[Stored dataset items]

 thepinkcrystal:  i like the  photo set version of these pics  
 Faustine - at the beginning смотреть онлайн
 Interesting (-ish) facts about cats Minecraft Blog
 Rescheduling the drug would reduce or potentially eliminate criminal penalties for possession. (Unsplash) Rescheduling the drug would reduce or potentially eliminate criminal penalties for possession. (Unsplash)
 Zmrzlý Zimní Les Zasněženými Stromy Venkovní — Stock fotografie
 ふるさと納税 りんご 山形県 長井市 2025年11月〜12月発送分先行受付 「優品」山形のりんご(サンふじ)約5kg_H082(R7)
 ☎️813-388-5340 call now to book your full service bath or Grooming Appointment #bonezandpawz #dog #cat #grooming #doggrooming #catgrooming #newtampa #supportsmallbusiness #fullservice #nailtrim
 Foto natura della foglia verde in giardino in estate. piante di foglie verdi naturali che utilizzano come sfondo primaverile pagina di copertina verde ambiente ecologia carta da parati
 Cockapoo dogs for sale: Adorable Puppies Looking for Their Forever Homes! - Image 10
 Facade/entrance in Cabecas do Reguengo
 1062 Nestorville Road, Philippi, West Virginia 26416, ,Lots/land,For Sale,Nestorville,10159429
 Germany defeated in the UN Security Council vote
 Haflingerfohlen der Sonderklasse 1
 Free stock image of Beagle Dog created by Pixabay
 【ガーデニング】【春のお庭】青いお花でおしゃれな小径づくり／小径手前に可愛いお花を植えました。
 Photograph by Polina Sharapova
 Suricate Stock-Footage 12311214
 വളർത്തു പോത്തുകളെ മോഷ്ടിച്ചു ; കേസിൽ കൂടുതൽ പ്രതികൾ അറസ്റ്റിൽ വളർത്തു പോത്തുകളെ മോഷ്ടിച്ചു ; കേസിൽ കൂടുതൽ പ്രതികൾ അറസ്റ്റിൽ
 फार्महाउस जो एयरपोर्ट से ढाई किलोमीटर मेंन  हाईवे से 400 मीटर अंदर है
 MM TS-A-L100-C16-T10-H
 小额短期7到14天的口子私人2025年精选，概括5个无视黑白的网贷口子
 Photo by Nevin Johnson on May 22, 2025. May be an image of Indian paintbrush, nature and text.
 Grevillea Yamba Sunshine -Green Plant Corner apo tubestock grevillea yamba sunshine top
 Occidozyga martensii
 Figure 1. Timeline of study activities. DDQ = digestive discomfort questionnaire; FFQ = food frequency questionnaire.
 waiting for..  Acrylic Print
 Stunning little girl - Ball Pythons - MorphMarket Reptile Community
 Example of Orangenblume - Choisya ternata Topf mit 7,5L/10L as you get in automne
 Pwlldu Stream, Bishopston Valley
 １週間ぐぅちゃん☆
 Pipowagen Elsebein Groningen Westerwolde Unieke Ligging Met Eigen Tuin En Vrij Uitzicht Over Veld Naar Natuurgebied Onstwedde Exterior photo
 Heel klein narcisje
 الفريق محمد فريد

### What to do
Only the lines above starting at the line that holds "Haflingerfohlen der Sonderklasse 1" and ending at the line that holds "Suricate Stock-Footage 12311214" are to be repeated, exactly and in full.

### Answer section
 Haflingerfohlen der Sonderklasse 1
 Free stock image of Beagle Dog created by Pixabay
 【ガーデニング】【春のお庭】青いお花でおしゃれな小径づくり／小径手前に可愛いお花を植えました。
 Photograph by Polina Sharapova
 Suricate Stock-Footage 12311214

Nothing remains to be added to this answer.